Littleton offers a reliable power source, four highway exits, good broadband infrastructure and a location more than 150 miles from his other office, a key factor in locating a second data center to serve as backup storage and provide space to bring on new clients. His IT company, which offers a range of services, added 12 new accounts in the last year. “I’ve had to turn away big [data center] businesses in the past,” Low says. “Now I can say yes.” Low’s local clients include Littleton Water and Light and NCIC.

And while business brought him to Littleton, the community is the reason he plans to stay. Low and his family live in Easton, where he serves as a volunteer firefighter. He originally intended to commute back to Rhode Island on weekends, but school officials personally called to invite his kids to attend school and his family, which now includes a dog, chickens and two goats, have moved in full time.
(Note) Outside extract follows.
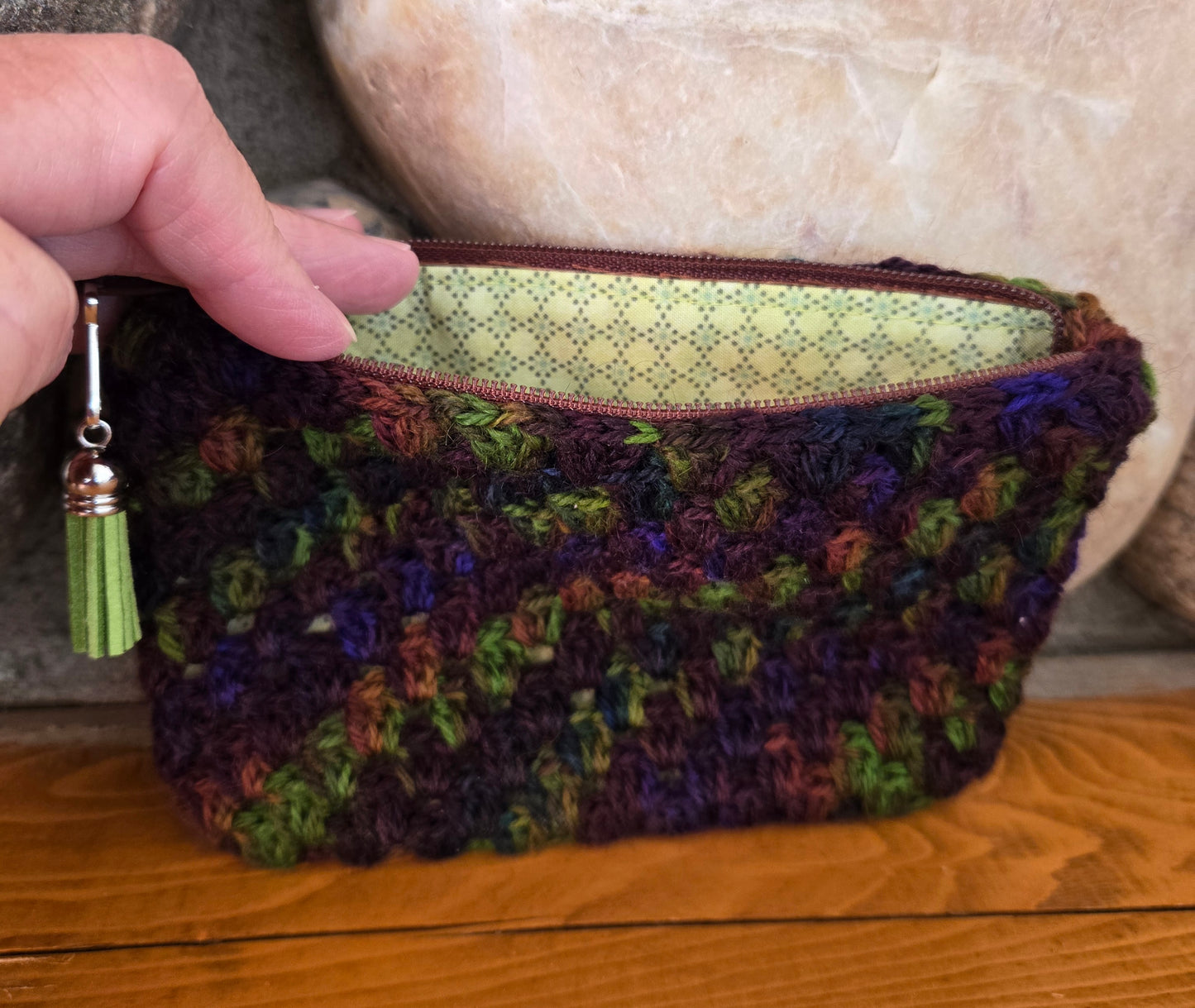 Crochet Granny Squares Fabric Lined Zipper Pouch or Clutch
Another transplant, this one from New Jersey, is also making his mark. Bill Rutherford owns Northwoods Manufacturing in Lancaster, a furniture shop that employs 14  and specializes in CNC machining of custom cabinet parts, millwork and other parts. Rutherford started the company in 2005 and has been growing ever since, averaging 10 percent revenue growth annually. Rutherford attributes his success to innovation.